Assess fasting serum glucose prior to initiation of LORBRENA and monitor periodically thereafter. Withhold and resume at a reduced dose or permanently discontinue LORBRENA based on severity [see Dosage and Administration (2.3)].

 Embryo-Fetal Toxicity

Based on findings from animal studies and its mechanism of action, LORBRENA can cause fetal harm when administered to a pregnant woman. Administration of lorlatinib to pregnant rats and rabbits by oral gavage during the period of organogenesis resulted in malformations, increased post-implantation loss, and abortion at maternal exposures that were equal to or less than the human exposure at the recommended dose of 100 mg once daily based on area under the curve (AUC).

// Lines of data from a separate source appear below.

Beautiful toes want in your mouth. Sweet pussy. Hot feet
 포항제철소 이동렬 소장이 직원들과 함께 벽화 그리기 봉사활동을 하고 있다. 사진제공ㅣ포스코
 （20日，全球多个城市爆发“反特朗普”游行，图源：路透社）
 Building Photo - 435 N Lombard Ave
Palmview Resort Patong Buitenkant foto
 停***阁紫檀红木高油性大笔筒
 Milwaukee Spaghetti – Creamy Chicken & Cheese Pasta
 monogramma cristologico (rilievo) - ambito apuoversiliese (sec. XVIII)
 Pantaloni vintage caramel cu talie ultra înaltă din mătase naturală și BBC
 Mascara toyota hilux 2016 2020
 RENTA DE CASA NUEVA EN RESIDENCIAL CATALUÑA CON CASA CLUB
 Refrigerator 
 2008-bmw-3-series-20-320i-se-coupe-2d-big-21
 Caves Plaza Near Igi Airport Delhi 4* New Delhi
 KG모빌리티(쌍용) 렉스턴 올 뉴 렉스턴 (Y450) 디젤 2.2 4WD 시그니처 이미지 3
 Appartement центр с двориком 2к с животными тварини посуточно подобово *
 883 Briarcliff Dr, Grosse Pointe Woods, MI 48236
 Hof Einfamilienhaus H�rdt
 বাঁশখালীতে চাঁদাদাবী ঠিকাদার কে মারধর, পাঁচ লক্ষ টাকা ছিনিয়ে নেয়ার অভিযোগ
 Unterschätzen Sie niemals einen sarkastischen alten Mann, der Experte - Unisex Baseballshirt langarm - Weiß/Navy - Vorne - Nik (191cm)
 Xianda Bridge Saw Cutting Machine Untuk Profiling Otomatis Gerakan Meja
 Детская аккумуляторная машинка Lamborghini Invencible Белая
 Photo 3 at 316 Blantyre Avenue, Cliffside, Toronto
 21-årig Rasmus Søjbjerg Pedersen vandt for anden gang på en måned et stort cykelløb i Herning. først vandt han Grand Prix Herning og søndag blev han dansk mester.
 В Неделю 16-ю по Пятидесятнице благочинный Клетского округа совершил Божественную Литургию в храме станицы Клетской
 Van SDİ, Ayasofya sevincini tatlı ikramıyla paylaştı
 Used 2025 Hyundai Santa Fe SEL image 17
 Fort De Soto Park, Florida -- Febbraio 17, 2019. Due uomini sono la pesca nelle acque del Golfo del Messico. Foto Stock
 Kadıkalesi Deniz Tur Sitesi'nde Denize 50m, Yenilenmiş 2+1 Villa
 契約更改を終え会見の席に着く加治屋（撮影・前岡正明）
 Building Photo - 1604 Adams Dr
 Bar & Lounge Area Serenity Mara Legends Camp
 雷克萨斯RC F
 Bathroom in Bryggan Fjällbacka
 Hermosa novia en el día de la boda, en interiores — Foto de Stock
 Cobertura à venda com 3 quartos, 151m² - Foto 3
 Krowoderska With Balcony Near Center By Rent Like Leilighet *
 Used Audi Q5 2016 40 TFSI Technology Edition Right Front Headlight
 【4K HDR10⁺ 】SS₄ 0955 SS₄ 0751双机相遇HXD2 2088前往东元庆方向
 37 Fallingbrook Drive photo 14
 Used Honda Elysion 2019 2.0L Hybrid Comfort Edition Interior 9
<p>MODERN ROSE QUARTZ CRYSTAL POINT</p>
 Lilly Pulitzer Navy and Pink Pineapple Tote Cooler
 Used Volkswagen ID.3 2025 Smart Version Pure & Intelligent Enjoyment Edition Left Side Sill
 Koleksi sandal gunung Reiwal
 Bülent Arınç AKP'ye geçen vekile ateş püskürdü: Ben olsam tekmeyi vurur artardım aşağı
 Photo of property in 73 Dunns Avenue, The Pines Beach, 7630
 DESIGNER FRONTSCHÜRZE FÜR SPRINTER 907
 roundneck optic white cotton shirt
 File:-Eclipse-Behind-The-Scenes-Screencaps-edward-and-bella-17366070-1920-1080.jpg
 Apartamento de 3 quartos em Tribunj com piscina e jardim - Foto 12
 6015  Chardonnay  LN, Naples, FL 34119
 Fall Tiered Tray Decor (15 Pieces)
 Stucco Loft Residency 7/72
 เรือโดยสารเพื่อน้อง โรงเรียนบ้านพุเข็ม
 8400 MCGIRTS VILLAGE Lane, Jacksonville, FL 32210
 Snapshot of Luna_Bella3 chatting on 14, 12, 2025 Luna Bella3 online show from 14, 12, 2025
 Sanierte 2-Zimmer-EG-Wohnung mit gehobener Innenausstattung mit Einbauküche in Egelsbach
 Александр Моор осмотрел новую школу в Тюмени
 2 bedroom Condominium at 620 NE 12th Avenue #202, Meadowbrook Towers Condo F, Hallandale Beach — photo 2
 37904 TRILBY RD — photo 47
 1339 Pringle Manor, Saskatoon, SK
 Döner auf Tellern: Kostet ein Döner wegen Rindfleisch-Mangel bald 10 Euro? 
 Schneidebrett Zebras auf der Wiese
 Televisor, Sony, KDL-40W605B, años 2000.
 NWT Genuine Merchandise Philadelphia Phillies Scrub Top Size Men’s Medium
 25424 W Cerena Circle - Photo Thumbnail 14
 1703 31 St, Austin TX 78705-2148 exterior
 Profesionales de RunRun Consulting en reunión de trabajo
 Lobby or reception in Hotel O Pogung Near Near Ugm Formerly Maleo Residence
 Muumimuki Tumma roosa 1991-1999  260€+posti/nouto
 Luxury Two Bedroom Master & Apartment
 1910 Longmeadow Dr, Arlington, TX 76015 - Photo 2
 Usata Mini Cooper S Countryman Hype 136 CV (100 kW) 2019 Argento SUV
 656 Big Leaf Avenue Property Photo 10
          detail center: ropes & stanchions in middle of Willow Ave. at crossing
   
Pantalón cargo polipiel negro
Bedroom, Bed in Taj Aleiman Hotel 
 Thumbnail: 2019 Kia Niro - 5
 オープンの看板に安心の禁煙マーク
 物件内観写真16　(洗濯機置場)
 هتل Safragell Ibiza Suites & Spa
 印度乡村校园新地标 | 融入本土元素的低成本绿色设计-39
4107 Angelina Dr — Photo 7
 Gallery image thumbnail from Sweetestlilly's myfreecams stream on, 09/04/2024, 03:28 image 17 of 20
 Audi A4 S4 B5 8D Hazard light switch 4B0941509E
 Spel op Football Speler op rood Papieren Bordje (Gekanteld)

Advise pregnant women of the potential risk to a fetus. Advise females of reproductive potential to use an effective non-hormonal method of contraception, since LORBRENA can render hormonal contraceptives ineffective, during treatment with LORBRENA and for at least 6 months after the final dose. Advise males with female partners of reproductive potential to use effective contraception during treatment with LORBRENA and for 3 months after the final dose [see Drug Interactions (7.2), Use in Specific Populations (8.1, 8.3), Nonclinical Toxicology (13.1)].